I was positioned outside the Marina Del Rey library, somewhat NNE of the position of the light source (sun).
The light was be pretty bright and mainly hit the top of any waveforms. Cast shadows were relatively short. So clearly there was going to be bright, point spots and pretty small dark spots in the troughs of the waves and relatively minor cast shadows from the waves themselves.
This gave me a scene that could be analyzed in a particle kind of way. I hoped.
Next I wanted to understand all the sources of the surface topology. There’s just the single source of waves from the current in the marina. But there’s effectively several walls creating secondary waves etc.
We can simulate the set up to understand the surface patterns. http://www.falstad.com/ripple/
A fairly simple set up would include 2 walls and some docks. http://www.falstad.com/ripple/Ripple.html?rol=$+1+476+59+10+0+668+0.048828125%0As+0+337+5+0+0.233333+0+10+100%0Aw+0+248+471+475+217%0A202+0+189+0+246+194+0%0A202+0+77+-1+134+193+0%0A202+0+-15+-3+42+191+0%0A
This is the base topology. It was further complexified by the “brownian” like motion of the boats etc, which introduce some randomness to this regular wave pattern.
Using the images I wondered if I could actually see that basic wave pattern at play in the images.
I decomposed frame 1 and 25 into particle representation and then tracked the particles using ImageCorrespondingPoints in WolframLang which provides easy access to several image point algorithms. By comparing the points in different images you can build a mapping of particle movement within the scene.
The simulated wave pattern investigation showed the direction of the waves clearly. The actual wave images weren’t so kind to analysis. The direction of the water waves is somewhat betrayed by the patterns caused by the sun bright spots and the various effects of debris and chemical as well as the angle of the video camera angle. Both sets of images did reveal some “swirling” pattern. What can be said beyond that? not much specifically.
I decided to review more frames of the video to see if some of the light, cast shadow and reflections revealed their regularity a bit more obviously.
Unsurprisingly there were swirling oscillations in the scene. Patterns closer to the camera showed a longer travel path, and as the visual plane receded into the horizon we saw the paths with same shape but cover less 2d ground. So we have a mapping between 2d (picture plane) and 3d (reality) of a wave forms. We can measure where in reality the waves are relative to the viewer by comparing the lengths of the paths in the graph. You can see the large red particle path near 200,200 in the above covers about 200–250 ticks where red path at 50,500 travels only about 100. Could we safely assume the form at 50,500 is twice as far away? Probably.

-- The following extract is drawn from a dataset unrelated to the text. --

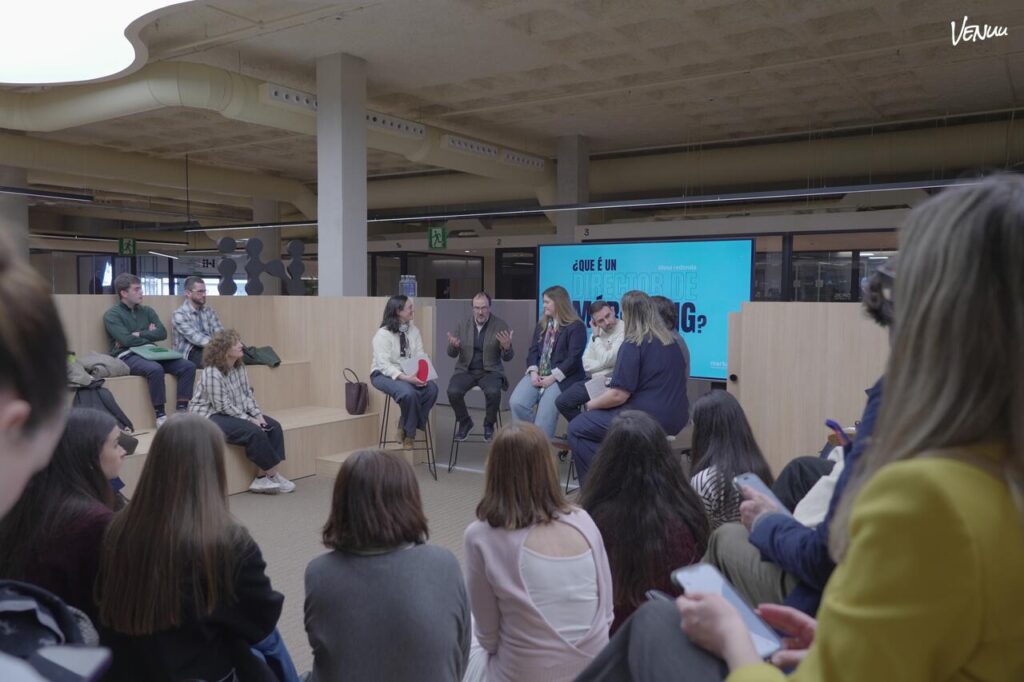 Human Intelligence Hub - Ágora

For the purposes of sketching this analysis would tell you to make the wave forms half as small if they are twice as far away. Roughly. This is effectively no different than drawing perspective grids, the traditional approach to rendering the 3d space in 2d plane.
I was not satisfied with the abstract nature of the analysis up to that point so I combined the video frames with the particle mapping.
The blue dots were the patterns in the image that disappear frame to frame. The green arrows draw a from the center of a pattern in the first frame to its location in the second frame. The algorithms that figure this out are not infallible, they are directional. The images above show that in frames that are pretty close together in time sequence this is a reasonable view.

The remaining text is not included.